Why my std::atomic<int> variable isn't thread-safe?

I don't know why my code isn't thread-safe, as it outputs some inconsistent results.
value 48
value 49
value 50
value 54
value 51
value 52
value 53
My understanding of an atomic object is it prevents its intermediate state from exposing, so it should solve the problem when one thread is reading it and the other thread is writing it.
I used to think I could use std::atomic without a mutex to solve the multi-threading counter increment problem, and it didn't look like the case.
I probably misunderstood what an atomic object is, Can someone explain?
void
inc(std::atomic<int>& a)
{
while (true) {
a = a + 1;
printf("value %d\n", a.load());
std::this_thread::sleep_for(std::chrono::milliseconds(1000));
}
}
int
main()
{
std::atomic<int> a(0);
std::thread t1(inc, std::ref(a));
std::thread t2(inc, std::ref(a));
std::thread t3(inc, std::ref(a));
std::thread t4(inc, std::ref(a));
std::thread t5(inc, std::ref(a));
std::thread t6(inc, std::ref(a));
t1.join();
t2.join();
t3.join();
t4.join();
t5.join();
t6.join();
return 0;
}
I used to think I could use std::atomic without a mutex to solve the multi-threading counter increment problem, and it didn't look like the case.
You can, just not the way you have coded it. You have to think about where the atomic accesses occur. Consider this line of code …
a = a + 1;
First the value of a is fetched atomically. Let's say the value fetched is 50.

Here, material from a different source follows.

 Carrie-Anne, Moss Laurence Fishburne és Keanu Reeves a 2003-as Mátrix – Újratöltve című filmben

We add one to that value getting 51.
Finally we atomically store that value into a using the = operator
a ends up being 51
We atomically load the value of a by calling a.load()
We print the value we just loaded by calling printf()

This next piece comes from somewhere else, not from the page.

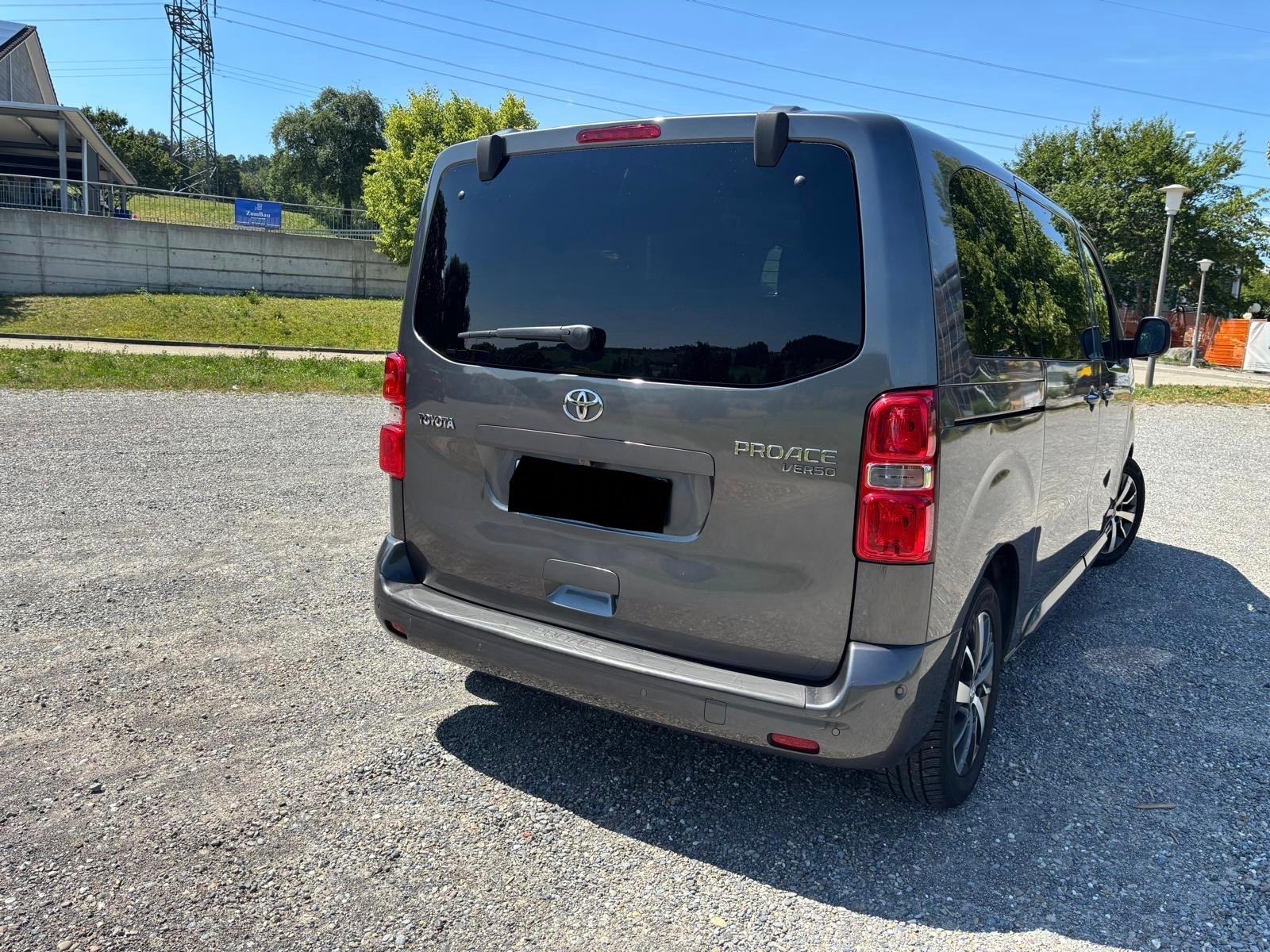 TOYOTA 2.0 D Family-image-3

So far so good. But between steps 1 and 3 some other threads may have changed the value of a - for example to the value 54. So, when step 3 stores 51 into a it overwrites the value 54 giving you the output you see.
As #Sopel and #Shawn suggest in the comments, you can atomically increment the value in a using one of the appropriate functions (like fetch_add) or operator overloads (like operator ++ or operator +=. See the std::atomic documentation for details
Update
I added steps 5 and 6 above. Those steps can also lead to results that may not look correct.
Between the store at step 3. and the call tp a.load() at step 5. other threads can modify the contents of a. After our thread stores 51 in a at step 3 it may find that a.load() returns some different number at step 5. Thus the thread that set a to the value 51 may not pass the value 51 to printf().
Another source of problems is that nothing coordinates the execution of steps 5. and 6. between two threads. So, for example, imagine two threads X and Y running on a single processor. One possible execution order might be this …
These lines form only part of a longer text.